Pranzo da Pandenus, Milano


Eccomi qui, tornata dalla vacanze anch’io… questa recensione fremeva  e si agitava nella mia mente dall’otto di agosto – mio primo giorno di vacanza, nonché compleanno dell’Algida Regina Delle Nevi, fantasioso ( ma storico) soprannome di una delle mie più care amiche, con la quale ho avuto la fortuna di uscire per un pranzo “last minute” proprio in occasione del suo giorno speciale e del mio primo giorno di libertà!
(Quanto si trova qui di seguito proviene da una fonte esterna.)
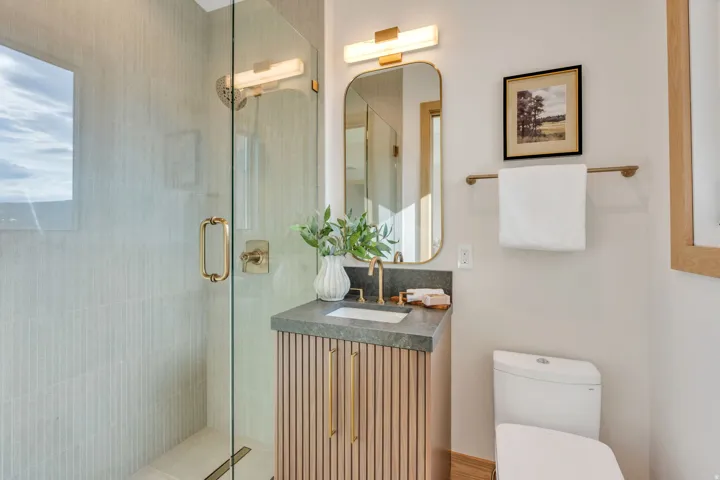 Glass-enclosed shower with gold-tone fixtures, fluted wood-finish vanity with a stone countertop, rectangular mirror with an integrated light fixture, and a white toilet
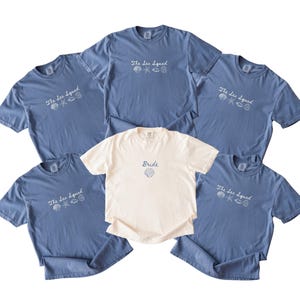 May include: Five blue t-shirts and one white t-shirt. The blue shirts feature the text "The Sea Squad" in white with small shell and starfish graphics. The white shirt features the text "Bride" in blue with a single shell graphic below it.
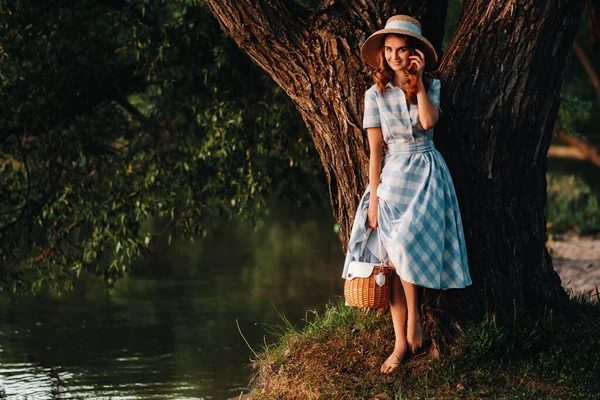Mladá krásná dívka v slaměném klobouku a se slaměným sáčkem má výhled na jezero — Stock fotografie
Telefonandole per farle gli auguri, ho scoperto del tutto casualmente che  si trovava a Milano  e non al mare dove avrebbe dovuto essere se una delle sue bimbe non si fosse ammalata, quindi ci siamo accordate per un pranzetto insieme  nei dintorni di casa sua  ( la bimba stava già meglio e c’era comunque l’Algido Re ad occuparsene, non chiamate i Servizi Sociali!) e la scelta è ricaduta su Pandenus, caffetteria/locale/ristorante, insomma, uno di quei posti che va bene per ogni momento della giornata, dal caffè del mattino al digestivo del dopo cena. Da vegana, ero un po’ titubante a dire il vero, perché sapevo che,ad esempio, il loro brunch era off limits per me,  ma “alle brutte” avrei ripiegato su un’insalata ecco, quindi mi sono incontrata proprio lì con l’Algida e sorpresa, sorpresa…nel menù vedo uno dei miei piatti preferiti: l’hamburger vegetariano <3! Prima di gasarmi troppo, chiedo da quali  ingredienti sia composto, aspettandomi vagonate di formaggio ( un classico di ogni piatto vegetariano insomma) e invece niente, anzi, il ragazzo menziona soya e addirittura”produzione propria” ( non della soya- non esageriamo, resta pur sempre un locale focalizzato sugli onnivori) dell’hamburger. Ho quasi le lacrime dalla gioia, che colpaccio…e così ad un orario da pranzo più  tedesco che italiano, mi sparo il doppio hamburger vegetariano che vedete in foto ( la salsa d’accompagnamento non era vegan e l’ho rifilata all’Algida Regina) perché quando l’occasione capita, bisogna coglierla al volo 😉 il tutto accompagnato da patatine fritte fresche e una centrifuga deliziosa a base di carota, mela ed anguria – deliziosamente chiamata Fanagot, traducibile in maniera più poetica dal milanese ” dolce far niente” ( il dolce l’ho aggiunto io, perché il “fanigottone” per il milanese è lo scansafatiche e NON è un complimento, siamo un popolo di lavoratori, no? )

Lo stesso nome Pandenus ( e mi raccomando, l’accento va sulla u , pronunciata stretta!) è milanese stretto e significa Pane di noci, rifacendosi al detto ” Pan e nus, mangià da spus” ovvero “Pane e noci, mangiare da sposi“, insomma roba da ricchi! Per fortuna, non bisogna essere sfacciatamente ricchi per pranzare lì, anche se chiaramente i prezzi sono moooolto milanesi e chi viene da fuori potrebbe trovarli un po’ alti, ma in realtà sono assolutamente in linea con la media. Inoltre il locale ha quell’aria cosy, ovvero accogliente e confortevole,  che ti fa sentire subito a tuo agio ed il personale- giovanissimo- è gentile e disponibile e  professionale  , quindi fidatevi,  perchè una Vegana e l’Algida regina delle Nevi fuori a pranzo hanno messo in crisi più e più camerieri con richieste, cambiamenti, aggiunte, cambi d’idee, etc. ,mentre qui è filato tutto liscio ed il buon cibo e l’atmosfera intima ed amichevole hanno contribuito a rendere il  pranzo di compleanno  un momento davvero speciale!